With the concept plan in hand, Crone said the task force begins to consider those ideas along with plans currently underway or in the pipeline. Those include some kind of reconfiguration of Mud Island River Park that Crone said is a priority for Strickland, pending state approval of the long-awaited restoration of the cobblestones at the river’s landing and plans for a second convention center hotel.
Here is a summary of some of the ideas in the concept plan:
Mud Island’s South End
The pedestrian bridge across the Wolf River Harbor, which has shown up regularly in past plans, could be at Beale Street Landing or on Union Avenue. With that access, the southern end of the park would become part of a more active harbor that includes the cobblestones as an activity center and a place for smaller boats to anchor, moving away from its primary use as parking.
Beale and Riverside
The key word here is “pop-up” as in a pop-up market area that could be in the parking area now at Beale and Wagner Place with a stepped or terraced way to walk onto Beale as it goes downhill toward the river. There is also a lot of pedestrian access envisioned here and making it more of an entrance to the riverfront.
The concept here is a center of activity that highlights its place between the waters – Mississippi River and Wolf River Harbor. The dominant building in the park, which is now the river museum, could remain as an “education center.” Also, there were comments about using the monorail access and its pedestrian and bicycle walkway over the monorail as part of a riverfront circuit with a bridge on the south end of the island integral to making that a part of a circuit.
Tom Lee Park
Studio Gang heard several calls for a Ferris wheel or similar iconic structure in the park, but resisted it, at least in the rendering. The general idea could work depending on whether it leverages “what’s in the environment,” Biagi said. There could be a boardwalk by the river that allows access closer to the water with a terraced approach. And there is a pavilion in the concept.
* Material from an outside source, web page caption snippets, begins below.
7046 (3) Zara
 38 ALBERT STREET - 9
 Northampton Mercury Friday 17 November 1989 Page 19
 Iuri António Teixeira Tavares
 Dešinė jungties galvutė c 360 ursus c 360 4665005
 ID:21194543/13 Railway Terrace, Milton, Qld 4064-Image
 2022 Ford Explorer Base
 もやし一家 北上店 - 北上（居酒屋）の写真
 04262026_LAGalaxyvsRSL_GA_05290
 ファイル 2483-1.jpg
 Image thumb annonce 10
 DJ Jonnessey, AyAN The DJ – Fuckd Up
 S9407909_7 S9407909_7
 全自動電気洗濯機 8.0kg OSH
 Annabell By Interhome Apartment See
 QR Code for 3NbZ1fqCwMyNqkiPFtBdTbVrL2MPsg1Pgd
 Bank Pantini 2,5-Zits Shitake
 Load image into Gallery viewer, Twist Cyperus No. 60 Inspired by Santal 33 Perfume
The road would go on “a little bit of a diet,” Biagi said as she showed a rendering with a marketplace on the street’s hard surface that is one of several ways the drive could be put to use in ways that don’t use cars. She also talked about bike lanes in Tom Lee Park itself, a frequently mentioned suggestion by critics of the city’s conversion of Riverside’s southbound lanes to bicycle and pedestrian access-only during A C Wharton’s mayoral administration.
The concept plan focuses on levels closest to the river and set a tone that is very different from the higher-up Tom Lee Park. The concept plan suggests some more east-west pathways for riverside access.